I will never leave you
Jesus’ promise
The third and last of three reflections for Passiontide, based around the stories of Peter, Judas and Jesus, based on reflections for Good Friday, delivered at St George’s Preshute in 2017.
Hearing the Passion Gospel read this morning, it is hard to deny here that Jesus is aware of his own future, his death, whether it is imminent or not. Is that then the way to look at the Passion story: God’s plan unfolding, as a script being performed, whilst people like Mary, Peter and Judas play the part they have been allocated? Are they, and we, merely doing what has to be done for God’s plan to be fulfilled? In a way one could say that both Mary and Judas prepared Jesus for his burial: Mary by anointing him, and Judas by handing him over to those who would crucify him.
Indeed, this is one way of hearing the story. Maybe it even inspires us to a certain faith, a faith that God is in control, that He knows the script, and that we play our role within it, without knowing what that role may be, or why.
But I feel that this kind of faith doesn’t do justice to our common human experience. Firstly, I find it hard to believe in a God who would give people a part to play that leads to eternal damnation. And also, because I think that we genuinely have a choice: a choice which part we play and how we do so. I wonder why Mary anointed Jesus with oil: what inspired her to do so? And if she had known that it would prepare Jesus for burial, did that mean he wouldn’t have died if she hadn’t done it? Did she regret anointing him after Jesus spoke those words, or as she watched him die on the Cross?
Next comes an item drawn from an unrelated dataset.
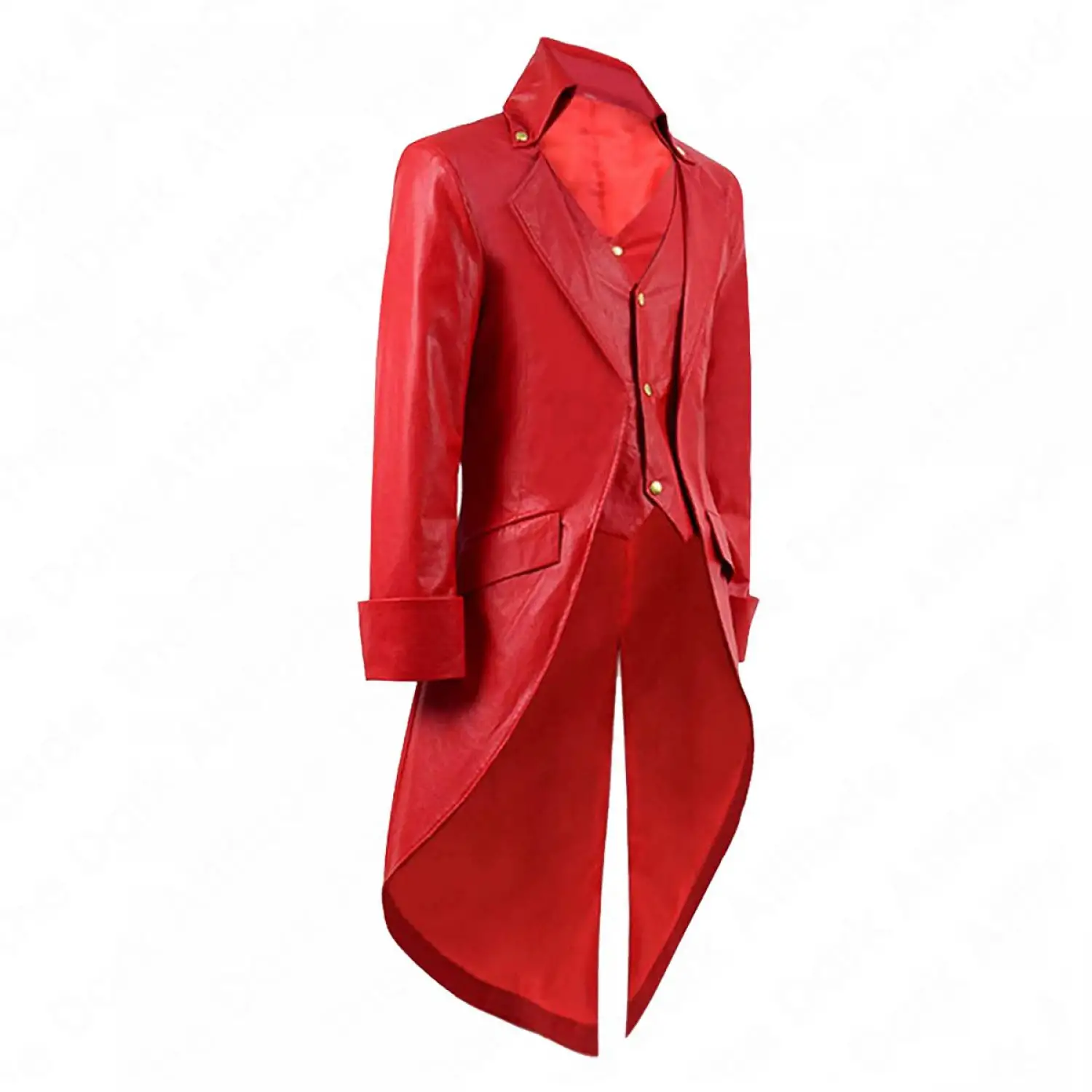 Steampunk Real Leather Tailcoat Men's : Victorian Vanguard Coat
By hearing the actions of Mary, Judas and Peter, we realise that our freedom to choose comes with regret, with anger and frustration, and with guilt. Regret when we thought we did the right thing, but it turned against us. Anger and frustration at our inability to be faithful, true to ourselves and true to God. And guilt, when we knowingly have done something wrong and there is no way back, no way to undo what we have done.
We have also realised that in each of us is an anointer, a denier and a betrayer. It is not others who killed Jesus, but it is also us by whom he ended up on the Cross. Judas was probably the most obvious scapegoat, because he was so different from us. Or was it precisely because he is more like us that we would want? Because he represents that part of us of which we are most afraid? That part of us we most want to hide from others, and indeed, hide from ourselves?
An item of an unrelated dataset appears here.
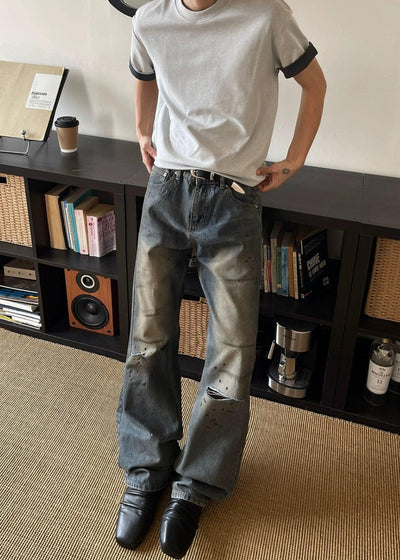 Faded and Splatters Workwear Jeans Korean Street Fashion Jeans By MaxDstr Shop Online at OH Vault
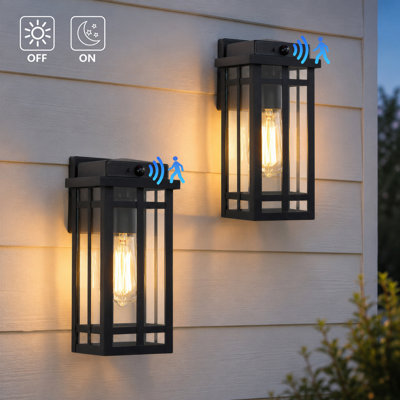 12" Black Dusk to Dawn & Motion Sensor Outdoor Wall Lantern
In this Holy Week and especially on Good Friday, we realise that forgiveness does not mean that our actions do not have consequences. Jesus did die on the Cross, and we have played our part in it. The nails have left their marks, and these won’t go away. The Cross shows that there is no way back, but only a way forward. We cannot say any longer ‘It doesn’t matter’, because we have seen that it does. And trying to undo what we have done, or weeping bitterly is not going to change that.
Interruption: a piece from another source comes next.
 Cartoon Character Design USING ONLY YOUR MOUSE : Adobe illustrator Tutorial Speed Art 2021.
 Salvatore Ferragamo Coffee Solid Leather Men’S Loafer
The only thing we have to hold on to is a promise. The promise Jesus made to his disciples, and the promise he has made to us: I am with you always, to the end of the age. In the darkness of Good Friday, that promise is hard to believe. This promise is hard to believe not because God is who He is, but because we are who we are. Because, if we had been denied and betrayed to the extent Jesus was, we would have long given up.
When we see the Judas or Peter within ourselves, we know that we would have been capable to do what they did. That we are not that dissimilar from who they are. But when we see the image of Jesus in ourselves, we realise that we fall short. We cannot go where He went, and we cannot do what He did. We may be able to imagine some of it. Giving all that we have and all that we are for those whom we love. But would we do so for those who have denied and betrayed us? For those who walked away from all that we believe in?
Yet, Jesus did. God did. It is an invitation to a friendship that is stronger than any human relationship we can imagine. An invitation to a friendship that is extended to us because God is who He is, and because we are who we are. Frail, fallible human beings, capable of the worst, worth to be loved, precisely because we are created by the God who loves us.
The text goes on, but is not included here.